--- DATA Enclosed Below ---

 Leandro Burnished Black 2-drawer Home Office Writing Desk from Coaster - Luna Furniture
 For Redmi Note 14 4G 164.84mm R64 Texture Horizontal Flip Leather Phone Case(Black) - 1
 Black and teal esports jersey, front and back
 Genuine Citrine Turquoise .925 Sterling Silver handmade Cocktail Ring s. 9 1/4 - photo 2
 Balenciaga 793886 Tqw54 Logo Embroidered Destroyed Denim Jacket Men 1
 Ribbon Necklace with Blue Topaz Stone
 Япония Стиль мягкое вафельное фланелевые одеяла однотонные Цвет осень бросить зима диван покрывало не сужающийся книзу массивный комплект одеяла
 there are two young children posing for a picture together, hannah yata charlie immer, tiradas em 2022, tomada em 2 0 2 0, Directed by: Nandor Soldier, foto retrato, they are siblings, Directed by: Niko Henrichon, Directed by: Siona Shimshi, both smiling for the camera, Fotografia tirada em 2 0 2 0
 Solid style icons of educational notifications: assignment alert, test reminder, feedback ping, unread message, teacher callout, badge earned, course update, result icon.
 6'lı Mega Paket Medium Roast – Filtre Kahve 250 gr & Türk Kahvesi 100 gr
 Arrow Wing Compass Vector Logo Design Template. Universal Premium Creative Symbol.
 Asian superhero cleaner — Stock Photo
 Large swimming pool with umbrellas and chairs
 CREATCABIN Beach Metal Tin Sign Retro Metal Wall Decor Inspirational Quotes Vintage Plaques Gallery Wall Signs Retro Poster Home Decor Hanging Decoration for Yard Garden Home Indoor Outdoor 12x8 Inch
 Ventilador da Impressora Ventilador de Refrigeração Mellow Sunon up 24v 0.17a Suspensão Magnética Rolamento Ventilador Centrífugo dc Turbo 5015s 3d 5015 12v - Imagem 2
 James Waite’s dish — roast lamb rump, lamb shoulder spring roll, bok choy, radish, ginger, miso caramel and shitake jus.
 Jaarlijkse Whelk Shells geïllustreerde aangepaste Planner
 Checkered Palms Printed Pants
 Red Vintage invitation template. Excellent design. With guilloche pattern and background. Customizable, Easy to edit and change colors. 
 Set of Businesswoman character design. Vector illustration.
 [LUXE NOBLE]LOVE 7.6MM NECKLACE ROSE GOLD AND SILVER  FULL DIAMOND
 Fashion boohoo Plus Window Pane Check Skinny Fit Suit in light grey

--- End of Enclosed DATA ---

**PROBLEM DETAILS**:
Copy out, word for word, the part of the entries above that begins at the line with "Solid style icons" and ends at the line with "Ventilador da Impressora", including both.

**SOLUTION TO THE PROBLEM**:
 Solid style icons of educational notifications: assignment alert, test reminder, feedback ping, unread message, teacher callout, badge earned, course update, result icon.
 6'lı Mega Paket Medium Roast – Filtre Kahve 250 gr & Türk Kahvesi 100 gr
 Arrow Wing Compass Vector Logo Design Template. Universal Premium Creative Symbol.
 Asian superhero cleaner — Stock Photo
 Large swimming pool with umbrellas and chairs
 CREATCABIN Beach Metal Tin Sign Retro Metal Wall Decor Inspirational Quotes Vintage Plaques Gallery Wall Signs Retro Poster Home Decor Hanging Decoration for Yard Garden Home Indoor Outdoor 12x8 Inch
 Ventilador da Impressora Ventilador de Refrigeração Mellow Sunon up 24v 0.17a Suspensão Magnética Rolamento Ventilador Centrífugo dc Turbo 5015s 3d 5015 12v - Imagem 2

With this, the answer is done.